Recorded data
= Beginning of Section =

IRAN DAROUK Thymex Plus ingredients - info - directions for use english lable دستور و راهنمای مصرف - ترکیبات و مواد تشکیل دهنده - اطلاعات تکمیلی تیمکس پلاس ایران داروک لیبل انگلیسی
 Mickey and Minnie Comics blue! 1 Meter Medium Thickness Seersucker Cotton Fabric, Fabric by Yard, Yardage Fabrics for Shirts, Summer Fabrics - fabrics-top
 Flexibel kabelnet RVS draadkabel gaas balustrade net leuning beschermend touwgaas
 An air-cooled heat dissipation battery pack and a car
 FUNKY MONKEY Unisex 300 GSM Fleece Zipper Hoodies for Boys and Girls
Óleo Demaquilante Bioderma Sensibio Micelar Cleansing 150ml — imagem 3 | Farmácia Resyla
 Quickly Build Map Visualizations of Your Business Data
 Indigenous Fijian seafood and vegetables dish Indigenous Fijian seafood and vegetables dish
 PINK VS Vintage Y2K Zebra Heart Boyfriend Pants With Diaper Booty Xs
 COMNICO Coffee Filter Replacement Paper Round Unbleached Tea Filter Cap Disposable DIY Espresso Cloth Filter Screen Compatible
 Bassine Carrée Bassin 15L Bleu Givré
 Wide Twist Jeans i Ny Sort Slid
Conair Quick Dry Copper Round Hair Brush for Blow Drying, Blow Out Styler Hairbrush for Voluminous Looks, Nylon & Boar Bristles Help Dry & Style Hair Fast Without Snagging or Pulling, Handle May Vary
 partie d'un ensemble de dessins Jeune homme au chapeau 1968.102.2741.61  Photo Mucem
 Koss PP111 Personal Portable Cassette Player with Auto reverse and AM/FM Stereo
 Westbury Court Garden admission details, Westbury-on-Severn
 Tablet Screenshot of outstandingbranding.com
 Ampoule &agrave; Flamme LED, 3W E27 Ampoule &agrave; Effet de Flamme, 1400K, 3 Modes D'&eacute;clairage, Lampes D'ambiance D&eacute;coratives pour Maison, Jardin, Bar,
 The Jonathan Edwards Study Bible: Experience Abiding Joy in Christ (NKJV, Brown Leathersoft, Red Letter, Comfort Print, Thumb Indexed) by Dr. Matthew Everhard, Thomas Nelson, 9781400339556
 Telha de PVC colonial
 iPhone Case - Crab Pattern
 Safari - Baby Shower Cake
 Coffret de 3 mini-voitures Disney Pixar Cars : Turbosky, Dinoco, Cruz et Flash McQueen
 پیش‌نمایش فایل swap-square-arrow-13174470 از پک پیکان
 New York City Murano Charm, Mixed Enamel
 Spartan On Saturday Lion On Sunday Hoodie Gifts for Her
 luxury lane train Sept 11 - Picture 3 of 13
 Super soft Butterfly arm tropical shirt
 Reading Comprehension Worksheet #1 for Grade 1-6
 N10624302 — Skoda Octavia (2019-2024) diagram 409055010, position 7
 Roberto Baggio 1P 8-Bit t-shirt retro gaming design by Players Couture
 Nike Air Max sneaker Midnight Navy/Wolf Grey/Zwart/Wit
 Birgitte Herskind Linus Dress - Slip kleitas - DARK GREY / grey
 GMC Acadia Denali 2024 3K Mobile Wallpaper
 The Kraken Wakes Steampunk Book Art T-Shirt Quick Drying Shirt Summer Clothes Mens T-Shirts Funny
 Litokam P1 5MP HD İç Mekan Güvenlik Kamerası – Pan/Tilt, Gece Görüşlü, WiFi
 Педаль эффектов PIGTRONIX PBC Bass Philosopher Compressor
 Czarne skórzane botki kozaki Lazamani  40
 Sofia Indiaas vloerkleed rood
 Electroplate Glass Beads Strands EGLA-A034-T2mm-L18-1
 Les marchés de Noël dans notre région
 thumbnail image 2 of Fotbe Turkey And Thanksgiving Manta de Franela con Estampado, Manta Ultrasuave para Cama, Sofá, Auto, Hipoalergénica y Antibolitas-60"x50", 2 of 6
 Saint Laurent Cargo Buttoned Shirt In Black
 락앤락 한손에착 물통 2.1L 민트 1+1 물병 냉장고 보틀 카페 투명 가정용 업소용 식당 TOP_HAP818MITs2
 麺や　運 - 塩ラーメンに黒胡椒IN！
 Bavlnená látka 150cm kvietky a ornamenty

= End of Section =

▶ [Problem description]: Output the records above in full, with nothing altered.

▶ [Answer to the exercise]:
IRAN DAROUK Thymex Plus ingredients - info - directions for use english lable دستور و راهنمای مصرف - ترکیبات و مواد تشکیل دهنده - اطلاعات تکمیلی تیمکس پلاس ایران داروک لیبل انگلیسی
 Mickey and Minnie Comics blue! 1 Meter Medium Thickness Seersucker Cotton Fabric, Fabric by Yard, Yardage Fabrics for Shirts, Summer Fabrics - fabrics-top
 Flexibel kabelnet RVS draadkabel gaas balustrade net leuning beschermend touwgaas
 An air-cooled heat dissipation battery pack and a car
 FUNKY MONKEY Unisex 300 GSM Fleece Zipper Hoodies for Boys and Girls
Óleo Demaquilante Bioderma Sensibio Micelar Cleansing 150ml — imagem 3 | Farmácia Resyla
 Quickly Build Map Visualizations of Your Business Data
 Indigenous Fijian seafood and vegetables dish Indigenous Fijian seafood and vegetables dish
 PINK VS Vintage Y2K Zebra Heart Boyfriend Pants With Diaper Booty Xs
 COMNICO Coffee Filter Replacement Paper Round Unbleached Tea Filter Cap Disposable DIY Espresso Cloth Filter Screen Compatible
 Bassine Carrée Bassin 15L Bleu Givré
 Wide Twist Jeans i Ny Sort Slid
Conair Quick Dry Copper Round Hair Brush for Blow Drying, Blow Out Styler Hairbrush for Voluminous Looks, Nylon & Boar Bristles Help Dry & Style Hair Fast Without Snagging or Pulling, Handle May Vary
 partie d'un ensemble de dessins Jeune homme au chapeau 1968.102.2741.61  Photo Mucem
 Koss PP111 Personal Portable Cassette Player with Auto reverse and AM/FM Stereo
 Westbury Court Garden admission details, Westbury-on-Severn
 Tablet Screenshot of outstandingbranding.com
 Ampoule &agrave; Flamme LED, 3W E27 Ampoule &agrave; Effet de Flamme, 1400K, 3 Modes D'&eacute;clairage, Lampes D'ambiance D&eacute;coratives pour Maison, Jardin, Bar,
 The Jonathan Edwards Study Bible: Experience Abiding Joy in Christ (NKJV, Brown Leathersoft, Red Letter, Comfort Print, Thumb Indexed) by Dr. Matthew Everhard, Thomas Nelson, 9781400339556
 Telha de PVC colonial
 iPhone Case - Crab Pattern
 Safari - Baby Shower Cake
 Coffret de 3 mini-voitures Disney Pixar Cars : Turbosky, Dinoco, Cruz et Flash McQueen
 پیش‌نمایش فایل swap-square-arrow-13174470 از پک پیکان
 New York City Murano Charm, Mixed Enamel
 Spartan On Saturday Lion On Sunday Hoodie Gifts for Her
 luxury lane train Sept 11 - Picture 3 of 13
 Super soft Butterfly arm tropical shirt
 Reading Comprehension Worksheet #1 for Grade 1-6
 N10624302 — Skoda Octavia (2019-2024) diagram 409055010, position 7
 Roberto Baggio 1P 8-Bit t-shirt retro gaming design by Players Couture
 Nike Air Max sneaker Midnight Navy/Wolf Grey/Zwart/Wit
 Birgitte Herskind Linus Dress - Slip kleitas - DARK GREY / grey
 GMC Acadia Denali 2024 3K Mobile Wallpaper
 The Kraken Wakes Steampunk Book Art T-Shirt Quick Drying Shirt Summer Clothes Mens T-Shirts Funny
 Litokam P1 5MP HD İç Mekan Güvenlik Kamerası – Pan/Tilt, Gece Görüşlü, WiFi
 Педаль эффектов PIGTRONIX PBC Bass Philosopher Compressor
 Czarne skórzane botki kozaki Lazamani  40
 Sofia Indiaas vloerkleed rood
 Electroplate Glass Beads Strands EGLA-A034-T2mm-L18-1
 Les marchés de Noël dans notre région
 thumbnail image 2 of Fotbe Turkey And Thanksgiving Manta de Franela con Estampado, Manta Ultrasuave para Cama, Sofá, Auto, Hipoalergénica y Antibolitas-60"x50", 2 of 6
 Saint Laurent Cargo Buttoned Shirt In Black
 락앤락 한손에착 물통 2.1L 민트 1+1 물병 냉장고 보틀 카페 투명 가정용 업소용 식당 TOP_HAP818MITs2
 麺や　運 - 塩ラーメンに黒胡椒IN！
 Bavlnená látka 150cm kvietky a ornamenty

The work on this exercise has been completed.